Sun Cable CEO: Carbon border taxes to provide boom for Australian solar exports

David Griffin, chief executive of the hugely ambitious Sun Cable project, says the looming threat of carbon border adjustment taxes from governments in Europe, Asia, the US and elsewhere will turbocharge demand for clean energy in Southeast Asia, providing major opportunities to export Australia’s solar resources.

Griffin says Southeast Asian countries rely heavily on fossil fuels to generate electricity – electricity that is expensive even before border taxes. For manufacturers, this means the embodied CO2 emissions in their products are extremely high, and will therefore attract high carbon border charges, potentially pricing their products out of some major consumer markets.
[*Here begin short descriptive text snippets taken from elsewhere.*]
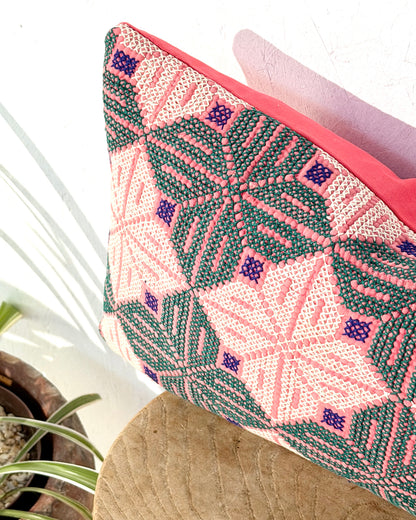 Vintage Galichi Kantha Cushion Cover In Pink - Large Rectangular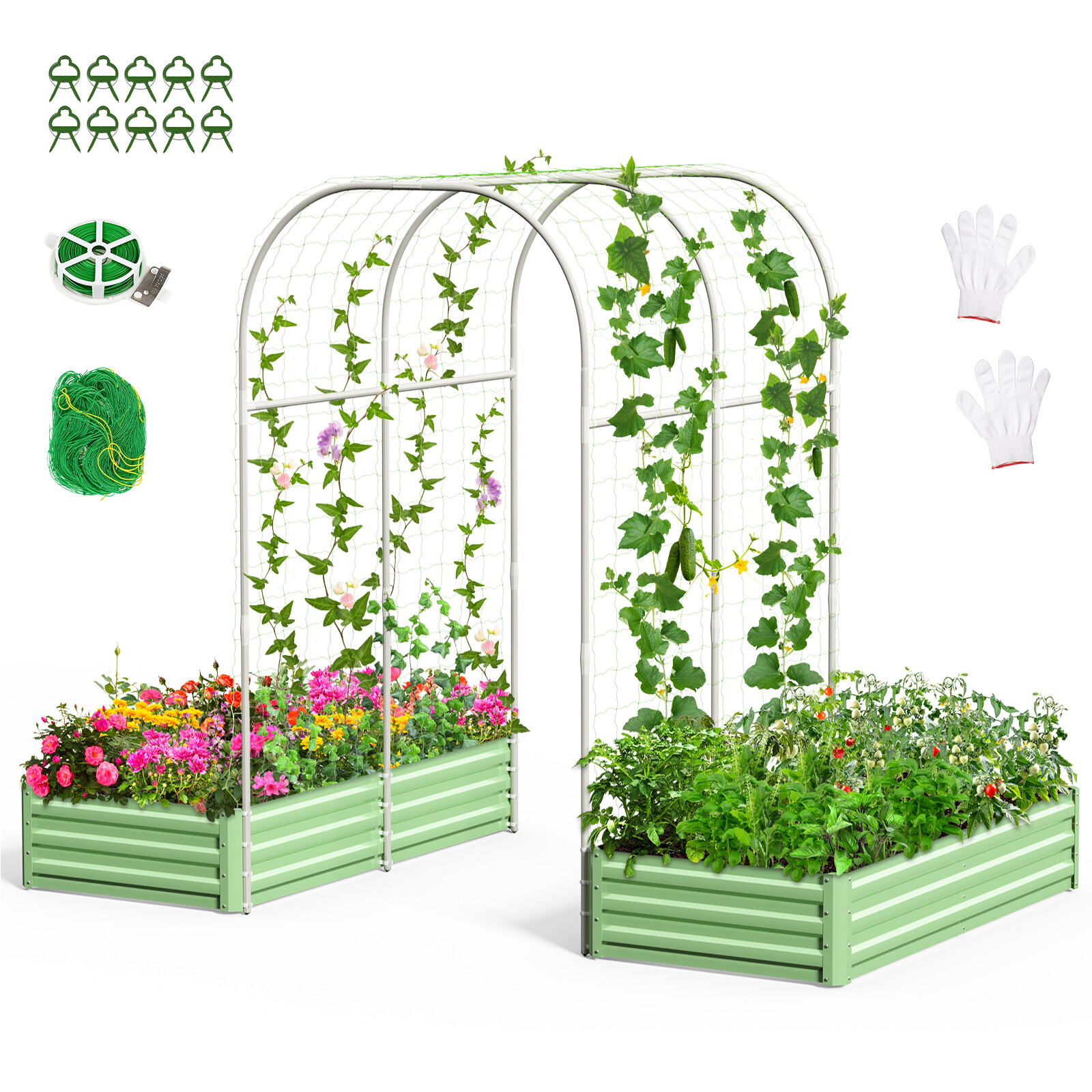 SLSY Galvanized Raised Garden Bed with 85in Tall Garden Trellis for Vegetables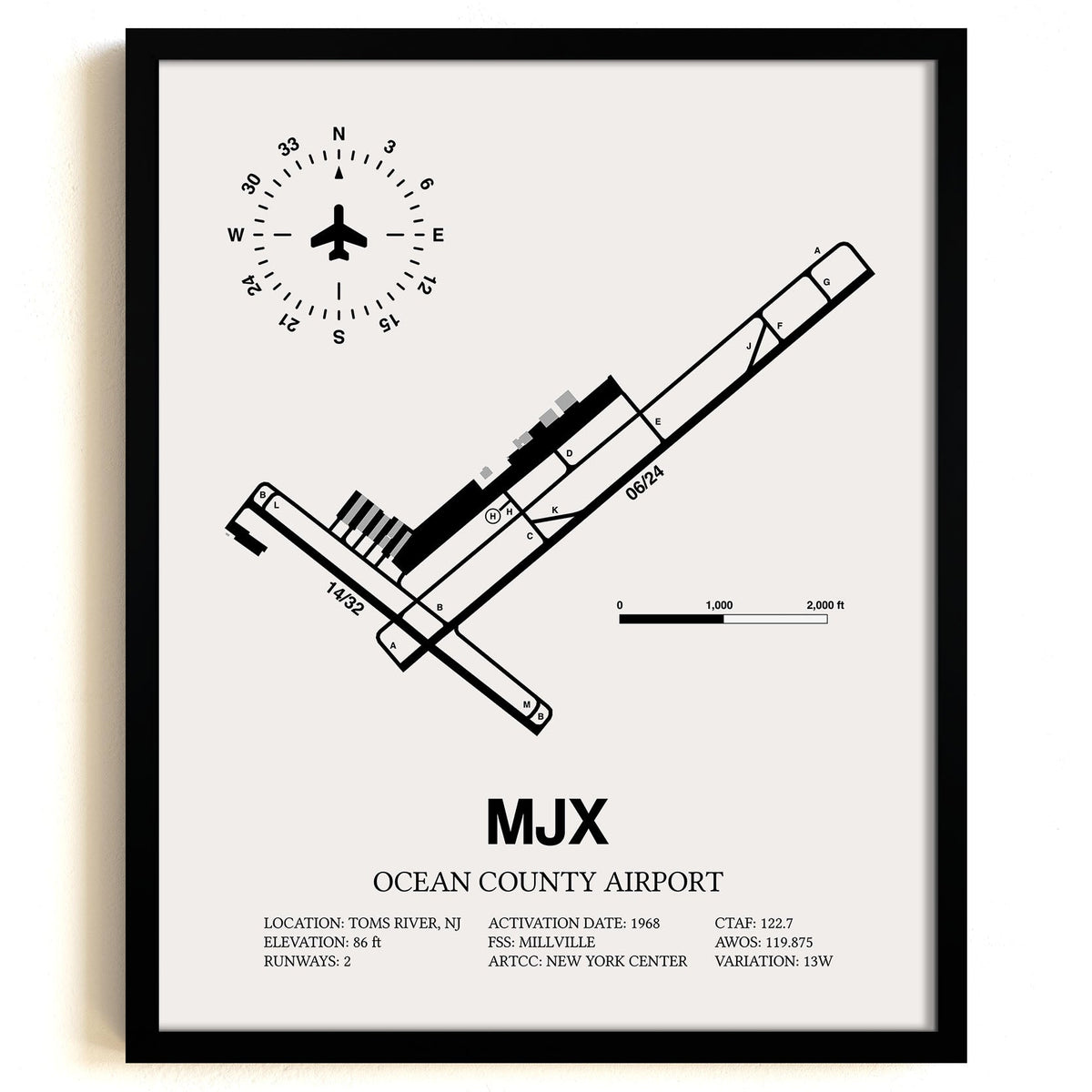 Framed Detailed Airport Map of Ocean County Airport (MJX) in White with a Black Frame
That means South East Asian manufacturers will soon be crying out for affordable, clean energy, and Griffin says he is already eyeing opportunities to build more submarine transmission cables to carry Australian solar energy to the region.

The $26 billion Sun Cable project, backed by billionaires Mike Cannon-Brookes and Andrew Forrest, plans to build 14 gigawatts of solar capacity in the Northern Territory backed up by around 30 gigawatt hours of battery storage, and transmit the electricity generated to Singapore via a 3,750km submarine cable. When it is up and running it hopes to meet around 15 per cent of Singapore’s total electricity demand.